Pirates lose Battle of Beetown finale

Spirit River Rangers’ captain Rylan Yaremko hoists the Campbell Cup after their Game 7 win over the Falher Pirates.

Chris Clegg
South Peace News

It was not the history the Falher Pirates were hoping to make!

The visiting Spirit River Rangers won the seventh and deciding game of the NPHL Final 3-2 March 26 to win their 12th NPHL title.

In doing so, the Pirates became the first team in the 71-year history of the league to lose back-to-back Game 7s in consecutive years. They also failed to win their fourth title in an incredibly hard-fought and physical series.

Despite the disappointment, head coach Dan Aubin was proud of the team which fought against the much bigger Rangers team who slugged back at every opportunity and did not back down.

“We have a room full of warriors that pushed back when called upon, they were never intimidated and drove most of the play in this series,” says Aubin.

He remains optimistic for the future believing better days are ahead for the club.

“The team grew again through this process and I truly feel that we were the better team,” he says.

“Our guys played their hearts out all playoffs long. The core of this team is relatively young and they have a lot of great hockey ahead of them.

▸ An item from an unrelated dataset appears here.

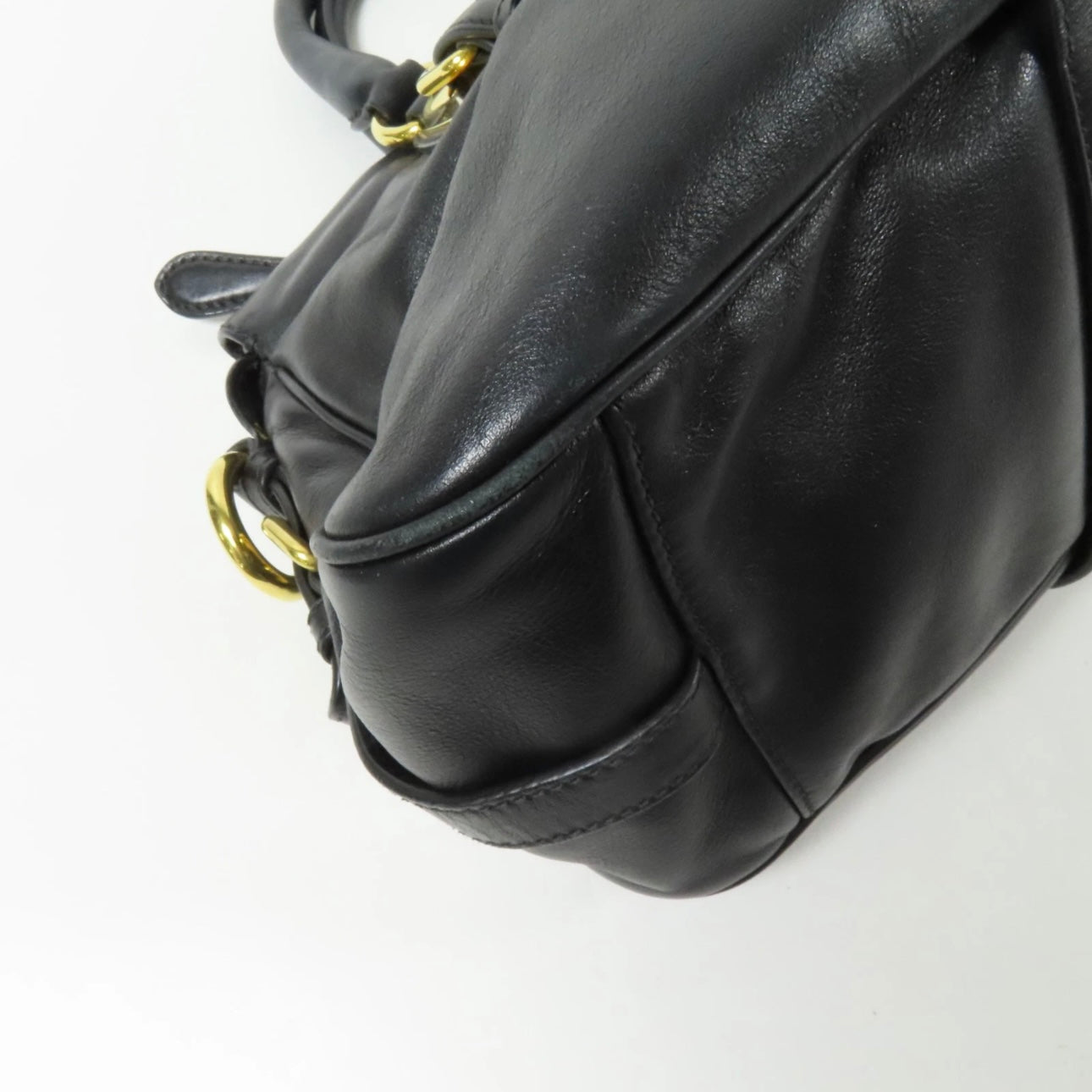 Prada GHW Bauletto Handbag - Black, Calfskin Leather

“We’ll be back of that I’m sure.”

Mike Lefley scored twice and was named playoff MVP, but it was Jace Weegar’s goal with 5:57 left that proved to be the difference.

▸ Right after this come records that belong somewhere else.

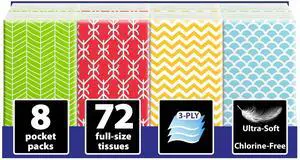 Travel Tissues, 8-Pack, 72 Soft 3-Ply Sheets, Geometric Design Travel Tissues, 8-Pack, 72 Soft 3-Ply Sheets, Geometric Design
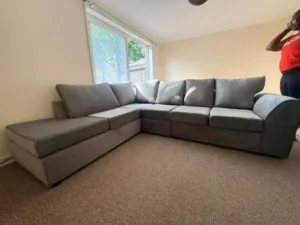 Camden L shape sofa in velvet fabric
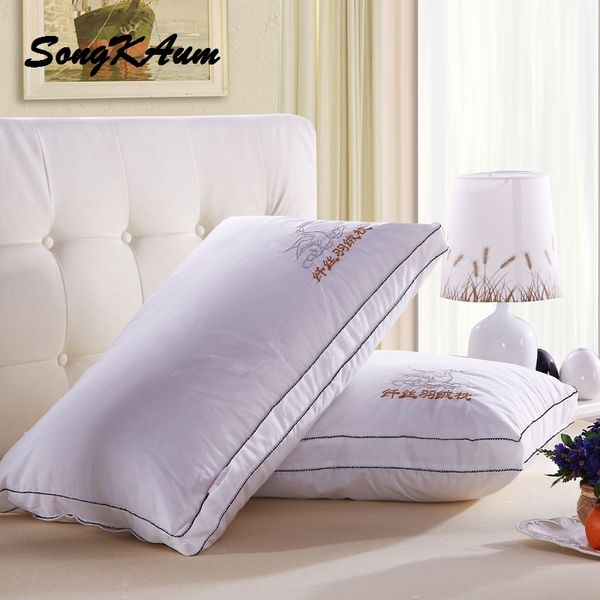 

songkaum new pillow slow rebound feather velvet material filling massage for neck sleeping pillow home use zt004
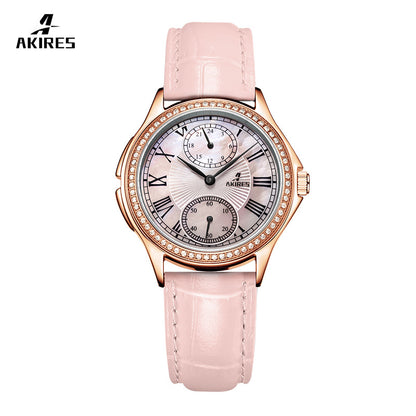 Stylish Women's Stainless Steel Quartz Watch with Leather Band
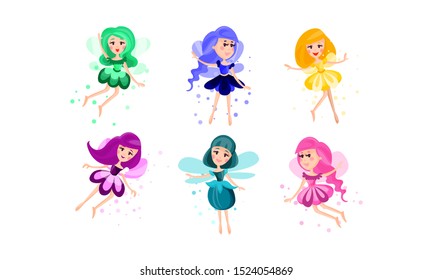 Set Of Vecor Illustrations With Flying Fairies Of Many Colors And Poses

Darren Kramer’s goal in the first period tied the game 1-1 after Lefley opened the scoring.

After a scoreless second period, Joseph Sylvain’s power play goal gave the Pirates a 2-1 lead.

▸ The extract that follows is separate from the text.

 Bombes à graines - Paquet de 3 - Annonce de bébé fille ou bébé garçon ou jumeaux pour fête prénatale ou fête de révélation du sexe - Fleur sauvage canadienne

However, Lefley’s power play goal tied the game before Weegar’s winner.

The Rangers outshot the Pirates 45-44 in the game.

Not making excuses, but the flu bug hit the team at the worst possible time.

“We had a couple guys with the flu doing what ever they could to stay in the game,” says Aubin.

“We had IV bags going in the room and tried to use everything at our disposal to get the guys ready for game time.”

Number one goaltender Ryan Noble tried to play, but left the game with 3:02 in the first period.

“Noble was a warrior, tried battling through it but couldn’t finish the first period,” says Aubin.

Key replaced Noble and held the fort despite difficult circumstances.

“The team had confidence in him,” says Aubin.

“Chris has played well all year, in particular at the end of the year when Noble was hurt and we were chasing home ice advantage.”

Key was told to be ready to play given Noble’s illness.

“Chris was notified on the previous day that he may be playing and came prepared to play if called upon,” says Aubin.

“It’s not easy coming into a Game 7 in the finals when you haven’t played in close to two months. He really stepped up and he certainly gave us a chance to win the game,” says Noble.